Ia tak pernah memilih tempat tinggi, malah lebih memilih bagian terendah di bumi ini, meski bagian terkotorpun. Walaupun begitu ia tetap air. Di mana pun tempatnya ia tetap air dengan segala kepenuhannya. Ia tetap air yang tidak asing dengan semua makhluk, menyatu dalam darah dan daging. Ia dirindukan, dinantikan, diimpikan, dipuja, dicari, dihargai melebihi emas dan perak, namun ia pernah juga ditolak, disingkirkan, dibuang dalam tempat yang terjorok, direndahkan hingga tempat yang paling rendah, dinodai, dicemarkan, kehadirannya tak diinginkan. Ia menjadi bukti akan cinta Allah, namun dapat juga menjadi bukti akan murka Allah. Selebihnya ia hanyalah sebuah alat.
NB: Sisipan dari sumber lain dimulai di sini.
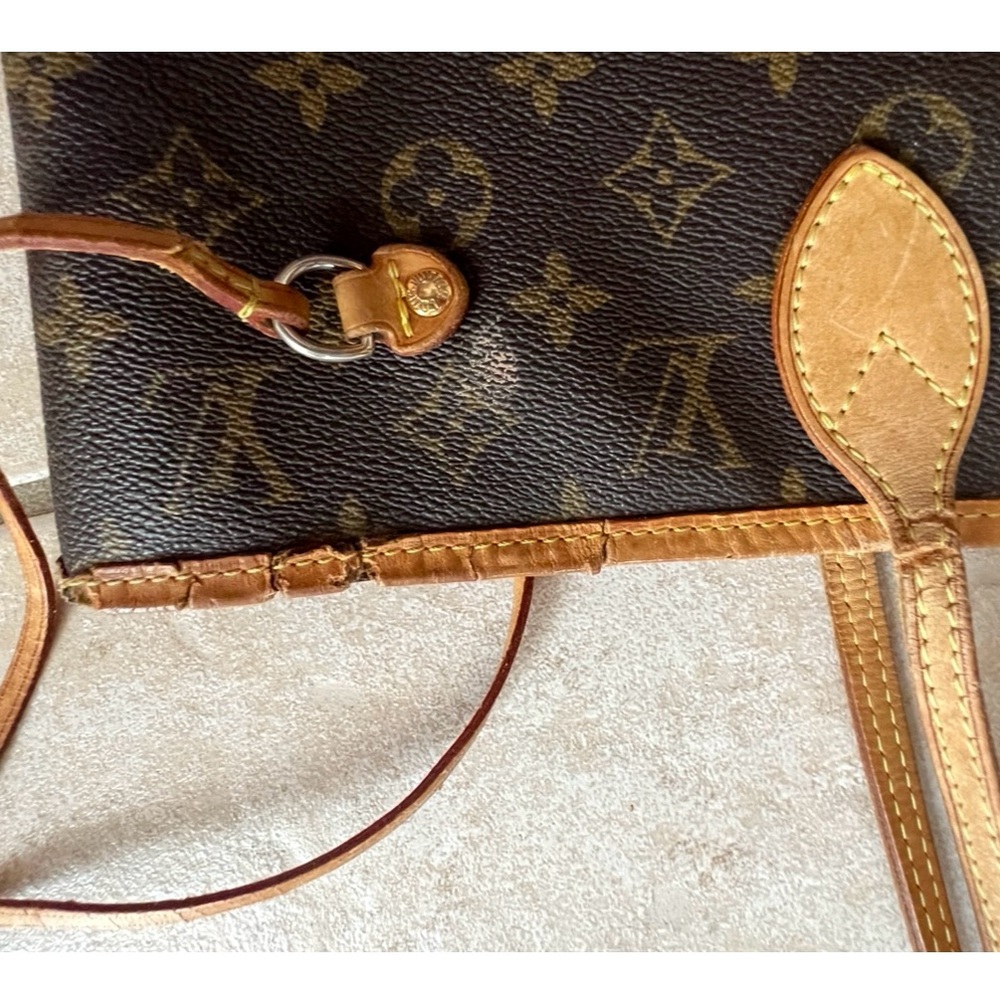 Louis Vuitton Monogram Neverfull MM - Picture 2 of 14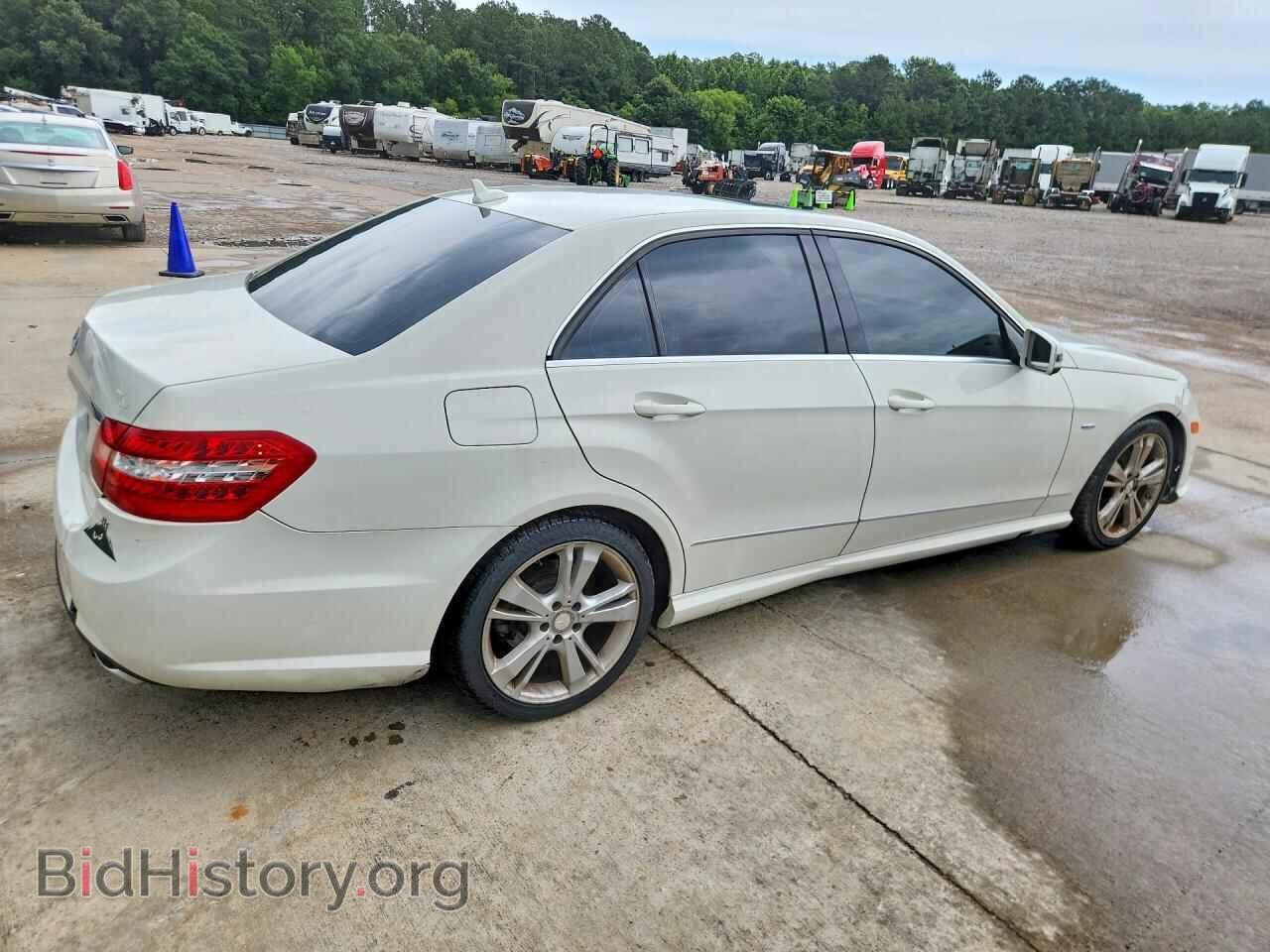 2012 MERCEDES-BENZ E-CLASS - VIN: WDDHF5KB2CA555596 - Фото 3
Dengan begitu ia mengalami rupa-rupa kehidupan, ia masuk ke dalam berbagai segi kehidupan, dan juga masuk ke dalam kematian. Dengan itu ia benar-benar menyatu dengan kehidupan dan juga kematian. Karena yang ia alami itu juga menjadi milik namun bukan untuk pribadi, untuk dibagikan dalam kelimpahan. Ia disebut sumber kehidupan justru karena berani mendidih, berani menguap, berani membeku, berani dibuang dalam jamban, mau bercampur dengan yang disingkirkan, mau menyatu dengan yang tak berguna, tidak takut api meski harus mendidih, tidak menyerah dengan kerasnya karang, tidak takut menjadi bau, tidak takut menjadi kotor, tidak takut tercemar, tidak takut disingkirkan, tidak takut dibuang, tidak takut mati, tidak takut menjadi tidak berguna.
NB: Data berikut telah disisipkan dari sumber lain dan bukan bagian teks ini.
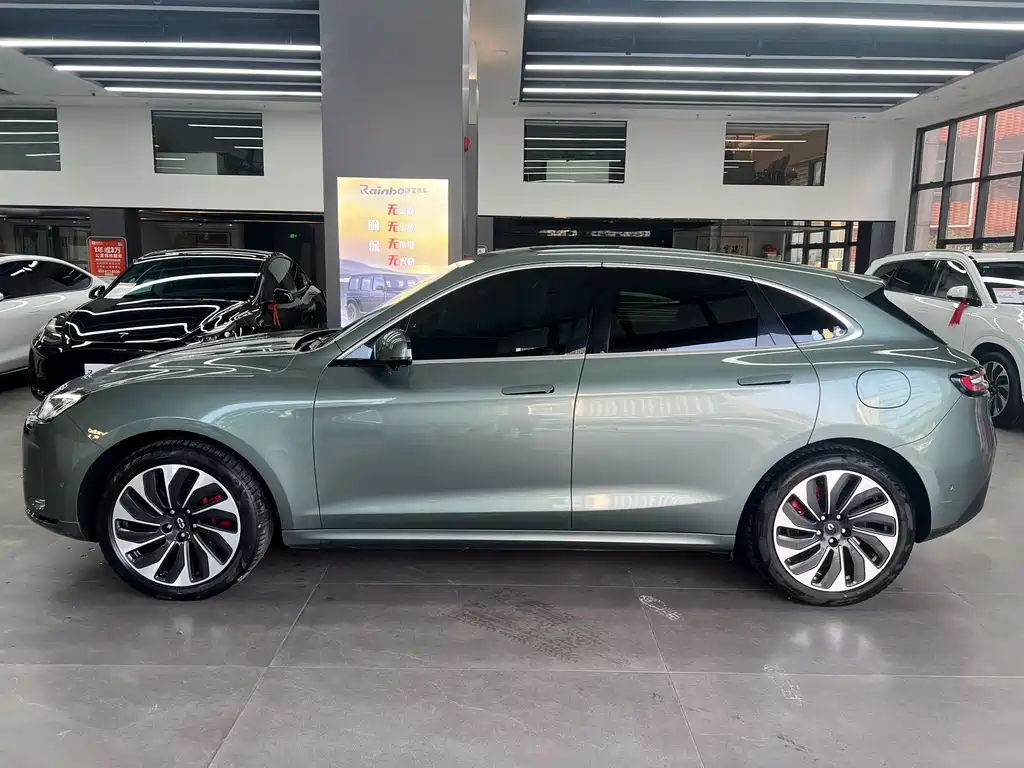 AITO ASK THE WORLD M5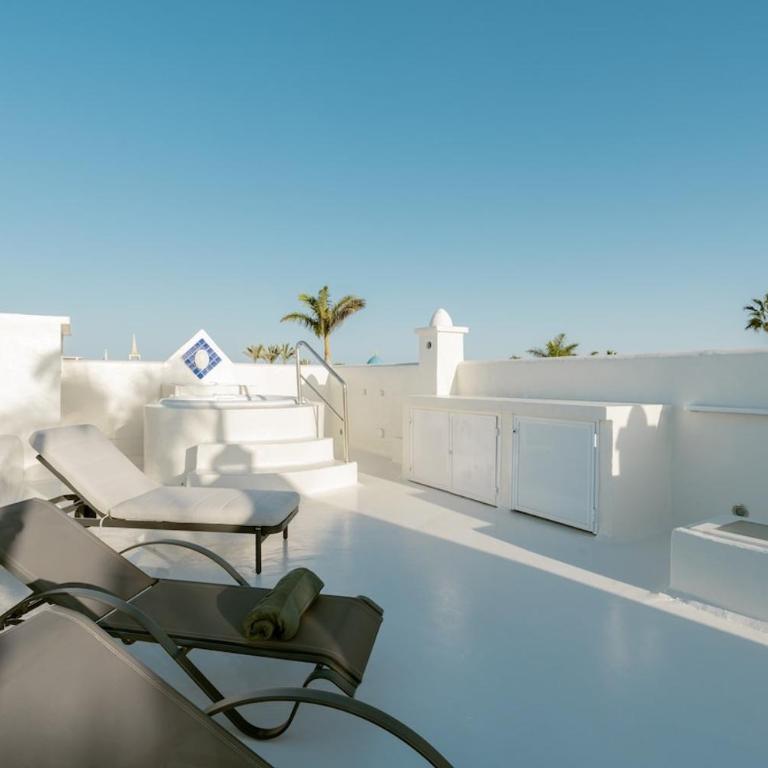 Exclusive Villa in Bahiazul with heated pool - Three-Bedroom Villa - 41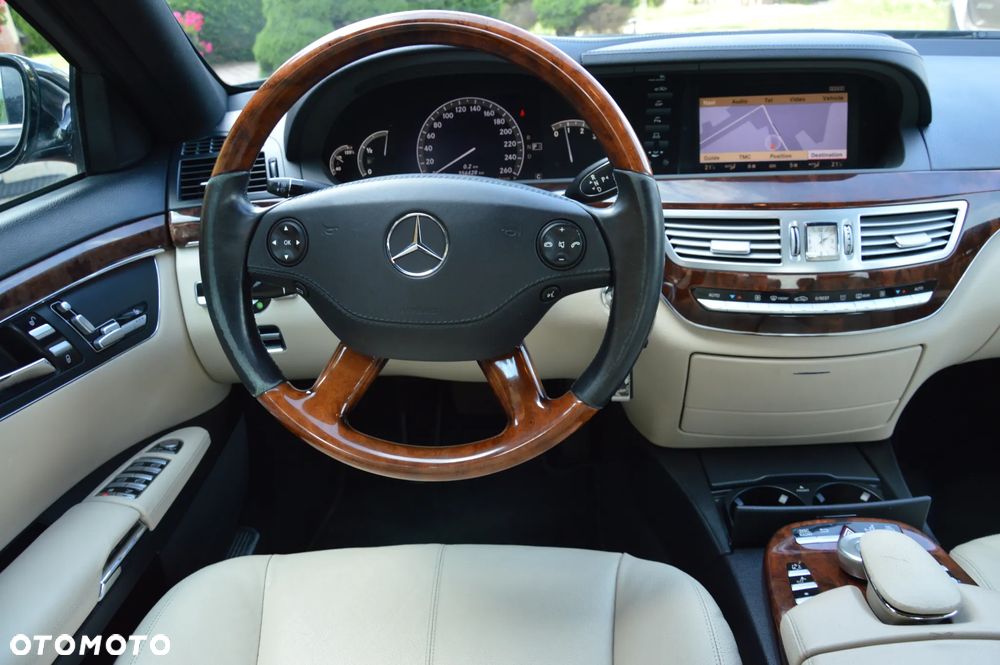 Mercedes-Benz Klasa S 320 CDI - 24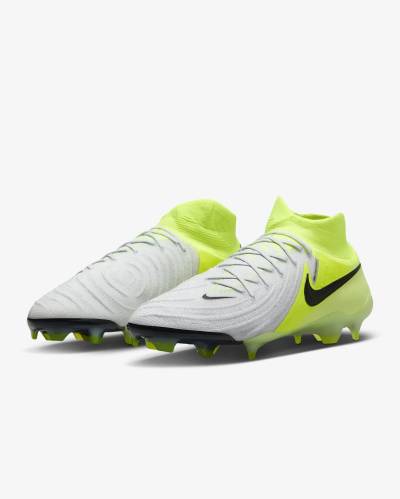nike_mad_voltage_pack_c.jpg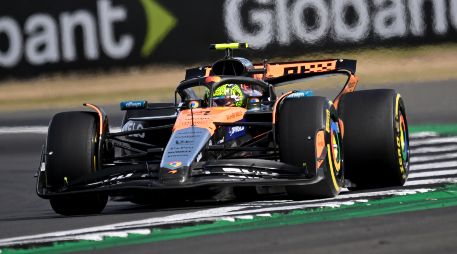 Con el pronóstico de lluvia para el sábado, la tercera práctica libre (FP3) y la sesión clasificatoria podrían disputarse en condiciones mixtas. EFE/P. Powell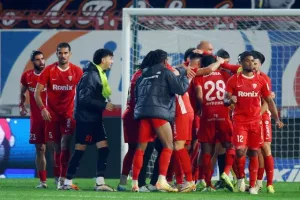 Νέα Σαλαμίνα-ΑΠΟΕΛ: Ούτε τώρα νίκη εκτός έδρας- Ψυχωμένος… ερυθρόλευκος βαθμός (φώτος)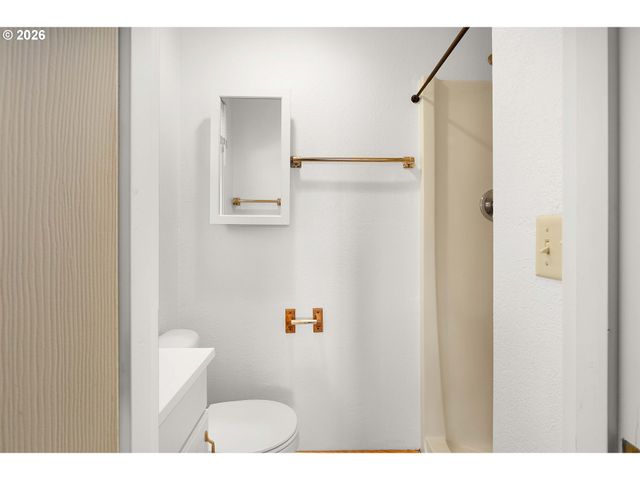 171 2ND St, Dillard, OR 97432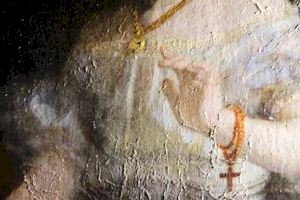 La Caritat de Domingo Llorens s’exhibeix a partir de hui al Museu Etnològic de la ciutat de Dénia després d’un acurat procés de restauració - (foto 3)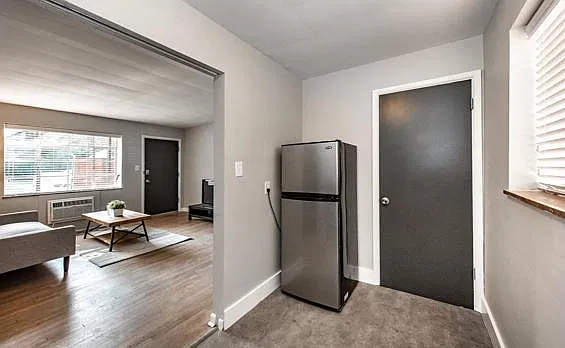 1 bed, 500 sqft, $905 — Photo 3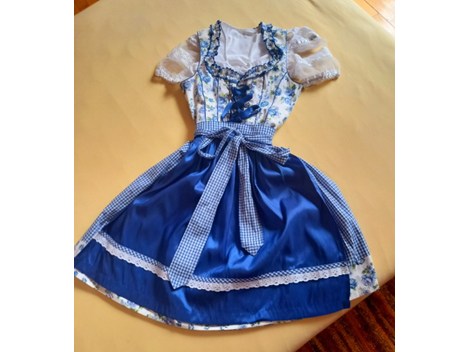 Dirndl mit Bluse und schurz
Ia tidak pernah memilih mau duduk atau berdiri, ia tidak pernah memilih mau berlari atau berjalan, ia tidak pernah memilih mau hidup atau mati, namun begitu ia tetap ada tidak pernah lenyap. Dalam dirinya hanya ada kekosongan yang berisi. Ia tetap tinggal menetap dalam keberadaannya.
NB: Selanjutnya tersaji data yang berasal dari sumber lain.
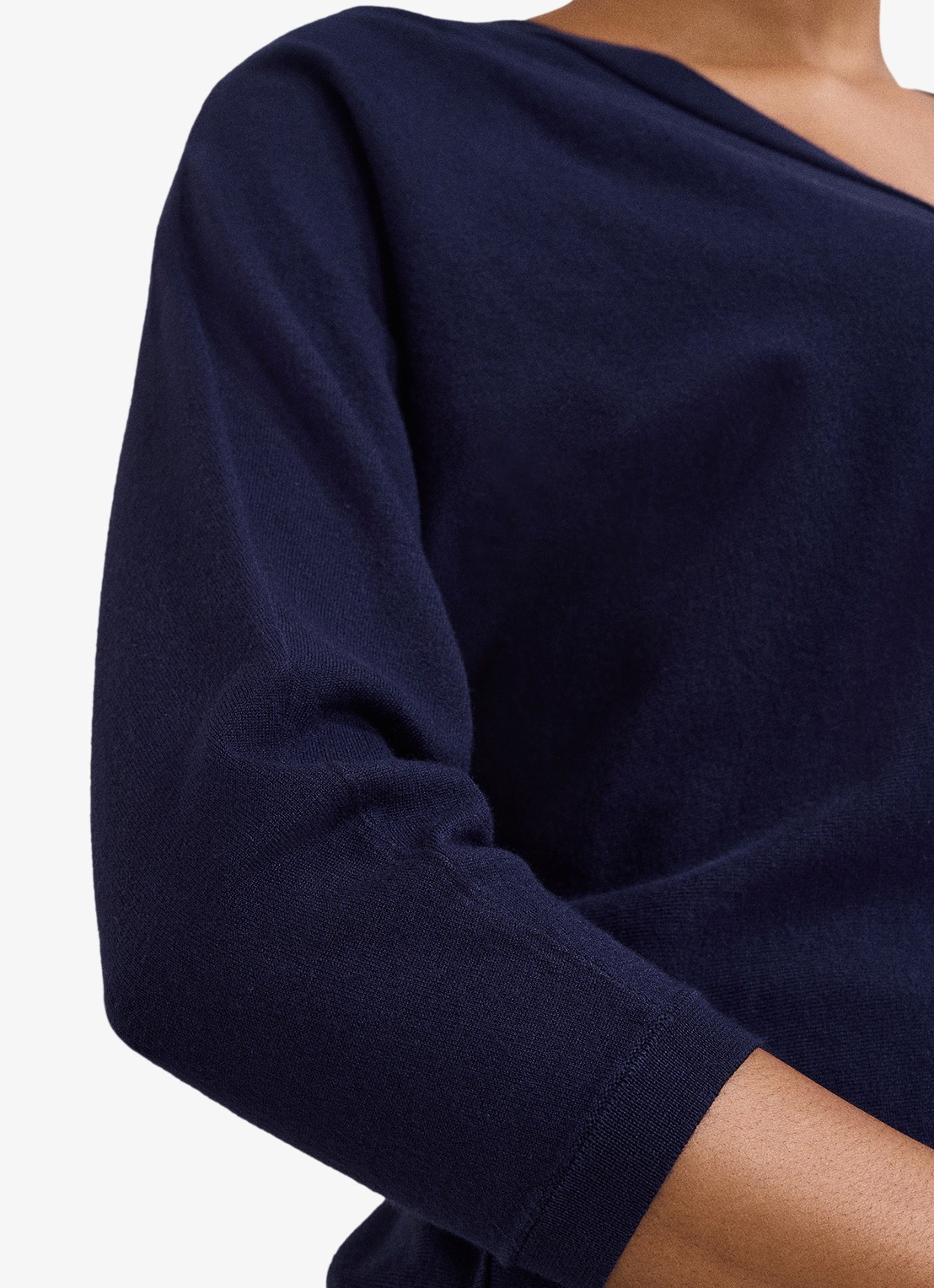 Phase Eight Cristine fijngebreid vest met vleermuismouw - detail 4 donkerblauw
Karena dalam keadaan apapun, dalam situasi apapun, dalam wujud apapun, ia tidak kehilangan sifat hakikinya. Meski bercampur dengan berbagai macam zat namun ia sendiri tetap satu, tidak terpengaruh, tidak terikat. Ia dapat melepaskan diri dan berdiri sendiri dalam sifatnya yang asli. Ia memiliki kemerdekaan yang luas, kebebasan yang tak terkira. Lepas bebas.
Keberadaannya adalah sebuah pemurnian yang terus bergulir, berputar terus tak berujung, tidak pernah berhenti dan merasa puas diri. Jika pemurnian itu berhenti dalam fase tertentu, maka kehidupanpun juga terhenti. Namun ia tidak mementingkan diri sendiri, karena ia tidak menyadari secara egois akan keberadaannya yang hakiki. Itulah, yang berani menjadi segalanya, menerima segalanya, memberi segalanya akan menjadi penentu segalanya itu.
Dengan semua itu ia menjadi yang utuh, absolute, kedewasaan diri yang tak terukur, kedewasaan yang tak ada batasnya, kedewasaan yang tidak dipengaruhi situasi, ia berdiri sendiri, muncul sendiri dari kekosongan, berada dari ketiadaan. Dengan semua itu ia semakin murni, dengan semua itu ia semakin disucikan. Dengan cara itu ia semakin menjadi berkat, menjadi rahmat, menjadi sumber kehidupan.
Kedewasaan di sini bukan disebabkan oleh sesuatu hal, melainkan sebuah konsekuwensi dari proses pemurnian terus menerus, pergulatan terus menerus, keberanian mengalahkan diri, kesetiaan meski dalam ketidakpastian, ketaatan dalam kerendahan hati.
Kedewasaan tidak laindan bukan adalah kesucian itu sendiri, yang diukur berdasar ranah illahi, bukan berdasar pandangan-pandangan kesia-siaan dari manusia.